* **Directions**
An exact repetition of the data is required; no picture should appear in it.

::: Information provided

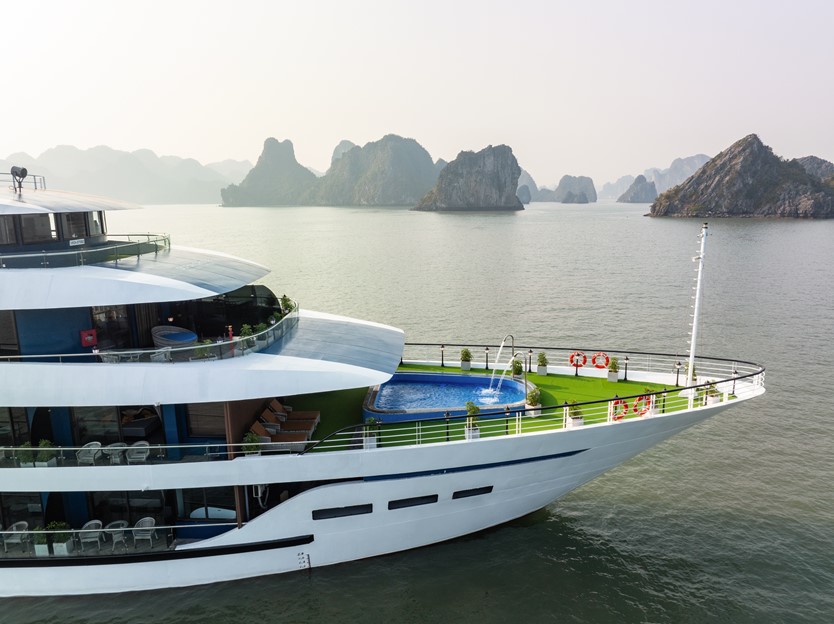 Du thuyền Doria Cruise 5 sao Vịnh Lan Hạ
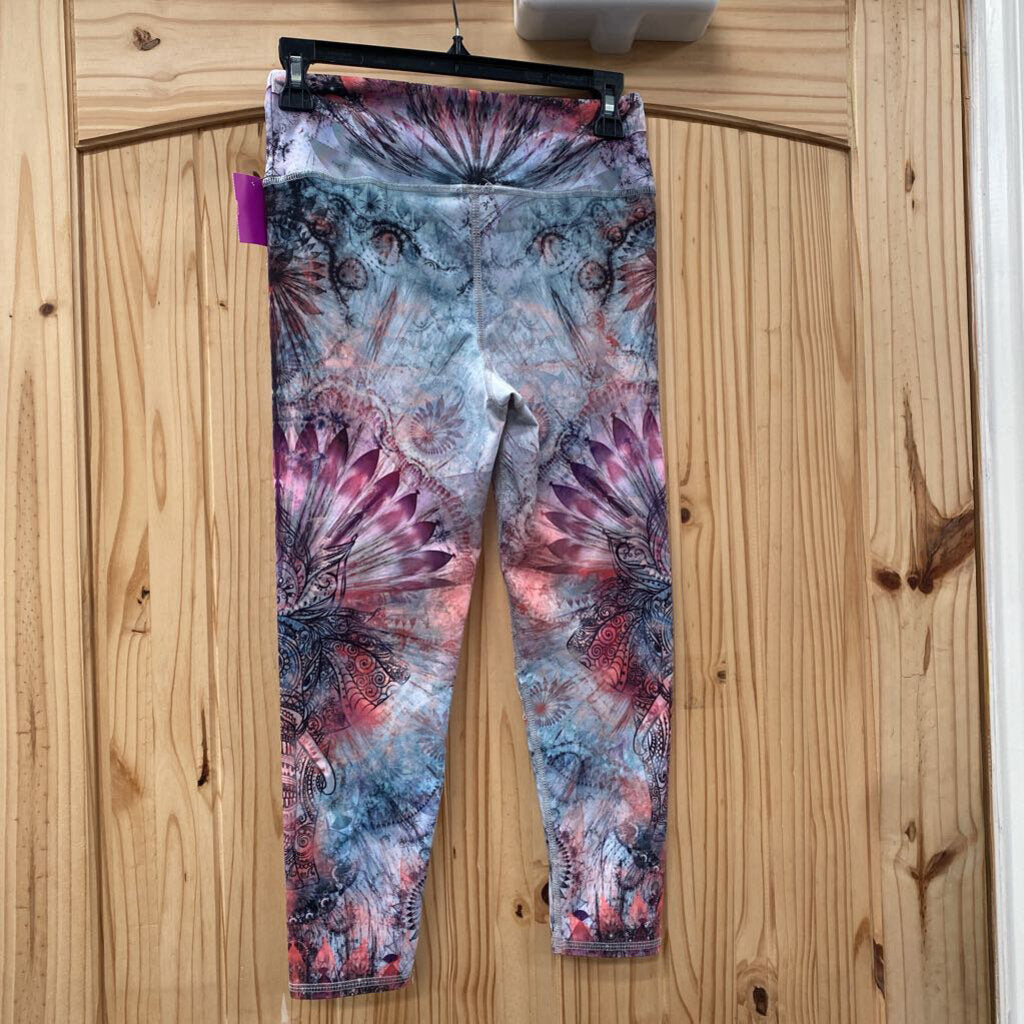 WOMENS EVOLUTION AND CREATION CAPRI LEGGINGS SKY BLUE/PURPLE/PINK M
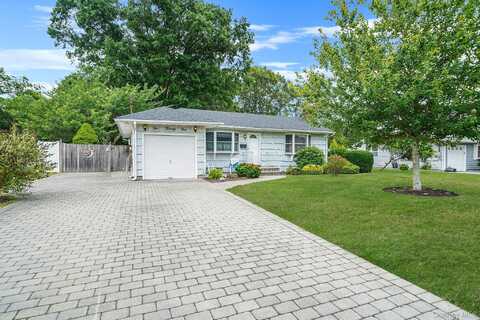 1025 Ocean Avenue, Bay Shore, NY 11706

::::::

* **Answer area**
 Du thuyền Doria Cruise 5 sao Vịnh Lan Hạ
 WOMENS EVOLUTION AND CREATION CAPRI LEGGINGS SKY BLUE/PURPLE/PINK M
 1025 Ocean Avenue, Bay Shore, NY 11706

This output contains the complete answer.